Exercise aim: Show only those lines of the entries where the string "Blue" is found.

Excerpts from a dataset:
########
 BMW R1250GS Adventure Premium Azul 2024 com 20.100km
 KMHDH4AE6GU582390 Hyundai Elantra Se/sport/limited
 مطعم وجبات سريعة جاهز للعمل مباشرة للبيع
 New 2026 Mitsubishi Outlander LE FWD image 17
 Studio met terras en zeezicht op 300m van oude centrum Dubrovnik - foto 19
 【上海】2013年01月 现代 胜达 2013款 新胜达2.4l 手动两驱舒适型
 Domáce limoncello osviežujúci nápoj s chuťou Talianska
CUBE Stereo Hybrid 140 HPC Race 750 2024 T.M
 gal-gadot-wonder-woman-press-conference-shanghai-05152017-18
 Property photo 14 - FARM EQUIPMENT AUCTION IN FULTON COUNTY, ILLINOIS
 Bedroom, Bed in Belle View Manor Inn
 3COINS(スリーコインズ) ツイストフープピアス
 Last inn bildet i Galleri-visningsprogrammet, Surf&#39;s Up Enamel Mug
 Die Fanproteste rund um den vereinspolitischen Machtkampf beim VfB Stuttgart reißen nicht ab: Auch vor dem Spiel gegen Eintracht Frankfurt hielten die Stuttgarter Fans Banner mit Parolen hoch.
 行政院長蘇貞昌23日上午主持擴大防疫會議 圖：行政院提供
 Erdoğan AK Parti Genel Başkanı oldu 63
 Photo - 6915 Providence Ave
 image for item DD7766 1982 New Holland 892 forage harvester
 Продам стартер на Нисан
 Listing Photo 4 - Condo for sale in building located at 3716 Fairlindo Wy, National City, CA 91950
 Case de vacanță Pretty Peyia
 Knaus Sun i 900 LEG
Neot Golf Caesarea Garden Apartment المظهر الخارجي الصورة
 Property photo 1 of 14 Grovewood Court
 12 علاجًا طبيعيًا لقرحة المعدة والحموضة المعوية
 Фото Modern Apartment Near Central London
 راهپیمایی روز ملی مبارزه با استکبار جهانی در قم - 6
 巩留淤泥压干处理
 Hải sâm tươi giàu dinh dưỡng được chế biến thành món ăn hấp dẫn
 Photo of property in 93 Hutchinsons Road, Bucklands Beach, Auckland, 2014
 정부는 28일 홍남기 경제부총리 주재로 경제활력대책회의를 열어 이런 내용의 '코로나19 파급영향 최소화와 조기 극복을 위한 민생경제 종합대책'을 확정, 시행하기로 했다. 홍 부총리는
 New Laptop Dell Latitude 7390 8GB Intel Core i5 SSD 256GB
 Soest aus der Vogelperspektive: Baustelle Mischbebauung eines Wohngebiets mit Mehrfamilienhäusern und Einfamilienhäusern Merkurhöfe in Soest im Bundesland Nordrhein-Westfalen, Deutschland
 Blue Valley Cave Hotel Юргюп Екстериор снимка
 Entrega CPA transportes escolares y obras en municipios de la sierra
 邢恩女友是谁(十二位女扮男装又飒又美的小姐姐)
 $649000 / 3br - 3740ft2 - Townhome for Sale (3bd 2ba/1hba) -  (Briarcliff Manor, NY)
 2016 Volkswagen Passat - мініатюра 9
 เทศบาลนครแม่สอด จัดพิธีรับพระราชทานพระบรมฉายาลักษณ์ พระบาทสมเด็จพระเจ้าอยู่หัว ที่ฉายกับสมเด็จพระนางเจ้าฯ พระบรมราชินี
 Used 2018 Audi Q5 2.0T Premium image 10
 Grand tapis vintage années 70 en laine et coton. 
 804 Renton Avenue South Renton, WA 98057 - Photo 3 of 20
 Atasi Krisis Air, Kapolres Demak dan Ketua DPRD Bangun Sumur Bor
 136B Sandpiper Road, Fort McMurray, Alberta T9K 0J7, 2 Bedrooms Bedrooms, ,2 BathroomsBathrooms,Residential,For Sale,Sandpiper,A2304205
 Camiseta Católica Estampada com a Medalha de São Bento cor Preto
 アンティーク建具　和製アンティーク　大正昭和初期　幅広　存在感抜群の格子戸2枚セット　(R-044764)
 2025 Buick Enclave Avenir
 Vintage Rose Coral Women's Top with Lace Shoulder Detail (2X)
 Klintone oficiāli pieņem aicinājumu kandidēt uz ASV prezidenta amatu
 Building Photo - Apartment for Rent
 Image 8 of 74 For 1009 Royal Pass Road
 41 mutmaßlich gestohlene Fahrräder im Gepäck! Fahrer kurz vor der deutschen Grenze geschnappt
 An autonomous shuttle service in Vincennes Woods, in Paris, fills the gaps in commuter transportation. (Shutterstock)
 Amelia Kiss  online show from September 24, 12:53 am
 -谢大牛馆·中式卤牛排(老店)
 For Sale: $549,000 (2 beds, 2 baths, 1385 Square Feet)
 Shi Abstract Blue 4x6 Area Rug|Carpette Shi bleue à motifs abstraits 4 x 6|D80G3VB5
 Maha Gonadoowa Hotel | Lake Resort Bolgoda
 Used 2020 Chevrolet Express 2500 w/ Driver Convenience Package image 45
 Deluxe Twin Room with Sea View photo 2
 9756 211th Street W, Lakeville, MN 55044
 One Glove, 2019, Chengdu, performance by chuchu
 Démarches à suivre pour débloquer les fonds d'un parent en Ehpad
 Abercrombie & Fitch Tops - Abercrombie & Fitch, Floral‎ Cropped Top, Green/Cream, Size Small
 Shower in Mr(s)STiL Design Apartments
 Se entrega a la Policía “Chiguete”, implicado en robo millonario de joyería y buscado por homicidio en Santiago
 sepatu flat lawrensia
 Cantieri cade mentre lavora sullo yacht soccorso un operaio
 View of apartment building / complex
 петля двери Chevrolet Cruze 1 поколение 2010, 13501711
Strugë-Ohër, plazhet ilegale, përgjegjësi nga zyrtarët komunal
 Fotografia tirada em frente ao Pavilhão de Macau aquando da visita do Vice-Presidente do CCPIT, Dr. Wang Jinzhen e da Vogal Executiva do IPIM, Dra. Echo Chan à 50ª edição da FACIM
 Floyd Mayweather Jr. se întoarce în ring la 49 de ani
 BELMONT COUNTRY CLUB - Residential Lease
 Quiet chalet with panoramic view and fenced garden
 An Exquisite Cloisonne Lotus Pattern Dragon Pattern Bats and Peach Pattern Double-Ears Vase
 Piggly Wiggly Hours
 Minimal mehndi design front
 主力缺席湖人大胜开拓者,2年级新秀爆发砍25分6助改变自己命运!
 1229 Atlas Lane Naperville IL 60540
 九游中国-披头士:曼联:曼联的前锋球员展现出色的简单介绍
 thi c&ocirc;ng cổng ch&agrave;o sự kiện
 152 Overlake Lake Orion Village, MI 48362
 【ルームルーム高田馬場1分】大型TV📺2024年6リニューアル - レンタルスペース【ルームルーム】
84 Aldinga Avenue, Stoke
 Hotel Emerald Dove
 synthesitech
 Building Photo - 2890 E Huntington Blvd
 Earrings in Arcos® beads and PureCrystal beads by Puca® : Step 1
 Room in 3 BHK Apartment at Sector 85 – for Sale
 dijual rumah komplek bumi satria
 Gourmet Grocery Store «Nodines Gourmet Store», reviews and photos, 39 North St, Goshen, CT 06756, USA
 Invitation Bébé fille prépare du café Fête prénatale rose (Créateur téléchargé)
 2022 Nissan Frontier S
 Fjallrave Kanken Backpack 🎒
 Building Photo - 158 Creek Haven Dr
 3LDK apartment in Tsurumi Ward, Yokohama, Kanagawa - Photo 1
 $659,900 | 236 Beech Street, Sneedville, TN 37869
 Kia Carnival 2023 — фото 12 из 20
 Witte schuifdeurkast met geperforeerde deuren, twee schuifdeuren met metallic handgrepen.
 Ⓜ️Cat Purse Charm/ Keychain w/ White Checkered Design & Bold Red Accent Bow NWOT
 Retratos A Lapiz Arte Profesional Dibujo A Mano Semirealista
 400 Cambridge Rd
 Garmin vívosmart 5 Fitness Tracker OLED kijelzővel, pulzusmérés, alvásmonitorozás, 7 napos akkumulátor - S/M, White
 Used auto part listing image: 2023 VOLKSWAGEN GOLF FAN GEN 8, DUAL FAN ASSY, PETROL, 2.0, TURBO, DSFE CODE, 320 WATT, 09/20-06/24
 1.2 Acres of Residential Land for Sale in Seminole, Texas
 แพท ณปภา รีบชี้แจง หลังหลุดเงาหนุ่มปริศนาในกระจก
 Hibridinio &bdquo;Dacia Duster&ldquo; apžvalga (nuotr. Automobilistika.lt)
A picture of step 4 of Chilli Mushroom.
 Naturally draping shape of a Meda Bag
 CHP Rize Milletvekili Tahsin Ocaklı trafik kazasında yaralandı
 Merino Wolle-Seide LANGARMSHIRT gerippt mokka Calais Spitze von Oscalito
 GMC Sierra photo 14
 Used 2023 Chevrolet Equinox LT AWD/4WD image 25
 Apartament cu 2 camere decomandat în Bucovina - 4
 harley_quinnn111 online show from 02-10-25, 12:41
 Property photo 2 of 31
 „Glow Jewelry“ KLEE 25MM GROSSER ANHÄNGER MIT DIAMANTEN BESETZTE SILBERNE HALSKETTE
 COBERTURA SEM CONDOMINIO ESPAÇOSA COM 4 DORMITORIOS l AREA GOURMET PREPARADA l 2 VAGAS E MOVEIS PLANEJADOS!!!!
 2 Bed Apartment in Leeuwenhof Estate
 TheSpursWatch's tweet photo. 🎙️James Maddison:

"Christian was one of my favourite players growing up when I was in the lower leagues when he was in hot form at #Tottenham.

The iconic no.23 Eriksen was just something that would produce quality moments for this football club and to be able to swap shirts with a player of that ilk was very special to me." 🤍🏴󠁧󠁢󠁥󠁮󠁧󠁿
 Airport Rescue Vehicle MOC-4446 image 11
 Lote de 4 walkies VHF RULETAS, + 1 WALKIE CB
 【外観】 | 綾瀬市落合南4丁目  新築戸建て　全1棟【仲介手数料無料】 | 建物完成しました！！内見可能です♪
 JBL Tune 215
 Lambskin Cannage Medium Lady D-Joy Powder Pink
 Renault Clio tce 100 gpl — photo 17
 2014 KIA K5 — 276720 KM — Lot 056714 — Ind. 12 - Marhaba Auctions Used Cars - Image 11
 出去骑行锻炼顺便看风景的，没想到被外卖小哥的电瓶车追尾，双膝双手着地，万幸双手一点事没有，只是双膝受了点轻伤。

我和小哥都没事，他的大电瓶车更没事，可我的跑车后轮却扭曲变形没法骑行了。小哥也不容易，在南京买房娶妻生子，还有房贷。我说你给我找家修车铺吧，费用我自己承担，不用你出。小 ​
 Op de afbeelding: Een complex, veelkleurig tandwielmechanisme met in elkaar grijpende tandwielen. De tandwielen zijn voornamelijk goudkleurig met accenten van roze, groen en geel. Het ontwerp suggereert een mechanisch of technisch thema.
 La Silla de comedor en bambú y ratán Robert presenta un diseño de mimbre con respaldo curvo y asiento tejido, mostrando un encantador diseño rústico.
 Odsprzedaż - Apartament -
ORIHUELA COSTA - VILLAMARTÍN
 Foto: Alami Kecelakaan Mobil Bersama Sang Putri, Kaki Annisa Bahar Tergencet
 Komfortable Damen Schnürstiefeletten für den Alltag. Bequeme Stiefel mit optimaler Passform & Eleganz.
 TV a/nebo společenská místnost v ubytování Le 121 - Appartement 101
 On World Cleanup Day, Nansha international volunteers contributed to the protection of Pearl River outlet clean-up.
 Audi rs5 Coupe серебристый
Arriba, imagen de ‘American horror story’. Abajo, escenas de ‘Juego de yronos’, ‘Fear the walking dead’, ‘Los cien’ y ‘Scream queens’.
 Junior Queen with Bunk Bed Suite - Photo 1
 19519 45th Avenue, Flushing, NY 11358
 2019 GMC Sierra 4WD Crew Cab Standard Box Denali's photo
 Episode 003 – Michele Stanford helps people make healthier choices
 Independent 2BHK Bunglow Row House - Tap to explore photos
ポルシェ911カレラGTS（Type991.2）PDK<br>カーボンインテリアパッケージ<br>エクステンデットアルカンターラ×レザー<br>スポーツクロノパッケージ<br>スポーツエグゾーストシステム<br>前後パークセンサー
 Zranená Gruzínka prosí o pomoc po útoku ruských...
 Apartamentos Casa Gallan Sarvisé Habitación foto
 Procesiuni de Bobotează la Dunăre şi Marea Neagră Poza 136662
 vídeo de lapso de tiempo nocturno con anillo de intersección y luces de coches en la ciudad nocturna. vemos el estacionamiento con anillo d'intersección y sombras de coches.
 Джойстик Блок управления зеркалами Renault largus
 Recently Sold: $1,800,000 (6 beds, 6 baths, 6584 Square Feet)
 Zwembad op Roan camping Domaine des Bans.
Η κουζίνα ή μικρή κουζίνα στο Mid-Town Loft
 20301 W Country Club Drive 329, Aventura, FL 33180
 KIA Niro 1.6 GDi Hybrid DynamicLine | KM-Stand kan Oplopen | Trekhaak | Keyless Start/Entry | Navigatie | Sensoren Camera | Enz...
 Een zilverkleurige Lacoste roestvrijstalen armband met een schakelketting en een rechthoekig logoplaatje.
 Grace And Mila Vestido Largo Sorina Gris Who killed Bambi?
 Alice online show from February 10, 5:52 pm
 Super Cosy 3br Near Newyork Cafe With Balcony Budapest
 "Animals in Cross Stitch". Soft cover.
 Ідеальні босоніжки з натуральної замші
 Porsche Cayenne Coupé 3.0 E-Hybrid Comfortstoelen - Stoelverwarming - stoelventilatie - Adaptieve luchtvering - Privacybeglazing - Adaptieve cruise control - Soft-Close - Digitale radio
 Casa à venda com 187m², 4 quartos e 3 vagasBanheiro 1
########
Response below:
 Blue Valley Cave Hotel Юргюп Екстериор снимка
 Shi Abstract Blue 4x6 Area Rug|Carpette Shi bleue à motifs abstraits 4 x 6|D80G3VB5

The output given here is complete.